▶ **Input data**
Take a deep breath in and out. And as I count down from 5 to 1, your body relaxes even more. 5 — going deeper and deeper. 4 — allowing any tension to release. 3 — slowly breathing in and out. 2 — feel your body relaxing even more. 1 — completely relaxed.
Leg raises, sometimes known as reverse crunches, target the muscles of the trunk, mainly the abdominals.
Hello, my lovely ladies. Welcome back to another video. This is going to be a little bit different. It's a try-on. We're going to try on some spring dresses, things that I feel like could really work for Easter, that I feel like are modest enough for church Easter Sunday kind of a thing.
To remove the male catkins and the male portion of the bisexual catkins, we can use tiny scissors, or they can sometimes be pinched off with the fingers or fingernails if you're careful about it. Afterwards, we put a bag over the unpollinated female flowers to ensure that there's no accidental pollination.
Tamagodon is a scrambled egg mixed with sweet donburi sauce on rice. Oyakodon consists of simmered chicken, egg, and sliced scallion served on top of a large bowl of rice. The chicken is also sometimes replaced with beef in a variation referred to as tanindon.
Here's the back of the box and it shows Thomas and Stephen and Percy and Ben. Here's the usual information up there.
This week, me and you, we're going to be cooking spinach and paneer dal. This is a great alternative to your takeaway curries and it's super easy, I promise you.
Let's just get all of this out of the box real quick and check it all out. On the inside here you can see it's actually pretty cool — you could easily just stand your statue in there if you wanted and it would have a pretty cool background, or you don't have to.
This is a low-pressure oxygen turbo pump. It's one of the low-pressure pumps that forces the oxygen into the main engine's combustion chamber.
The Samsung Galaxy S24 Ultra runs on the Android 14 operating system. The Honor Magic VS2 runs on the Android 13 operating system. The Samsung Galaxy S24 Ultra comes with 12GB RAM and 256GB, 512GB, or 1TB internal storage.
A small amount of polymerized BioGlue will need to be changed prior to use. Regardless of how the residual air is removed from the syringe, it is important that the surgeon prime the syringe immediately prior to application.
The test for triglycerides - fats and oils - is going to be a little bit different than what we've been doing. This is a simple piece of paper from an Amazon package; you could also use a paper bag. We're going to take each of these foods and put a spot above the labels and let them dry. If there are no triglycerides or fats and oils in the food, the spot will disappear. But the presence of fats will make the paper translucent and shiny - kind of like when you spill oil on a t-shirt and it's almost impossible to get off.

▶ **Brief**
Copy out only the lines of the records above from the one with "Here's the back" through the one with "This is a low-pressure", exactly as they stand, both included.

▶ **Task answer**
Here's the back of the box and it shows Thomas and Stephen and Percy and Ben. Here's the usual information up there.
This week, me and you, we're going to be cooking spinach and paneer dal. This is a great alternative to your takeaway curries and it's super easy, I promise you.
Let's just get all of this out of the box real quick and check it all out. On the inside here you can see it's actually pretty cool — you could easily just stand your statue in there if you wanted and it would have a pretty cool background, or you don't have to.
This is a low-pressure oxygen turbo pump. It's one of the low-pressure pumps that forces the oxygen into the main engine's combustion chamber.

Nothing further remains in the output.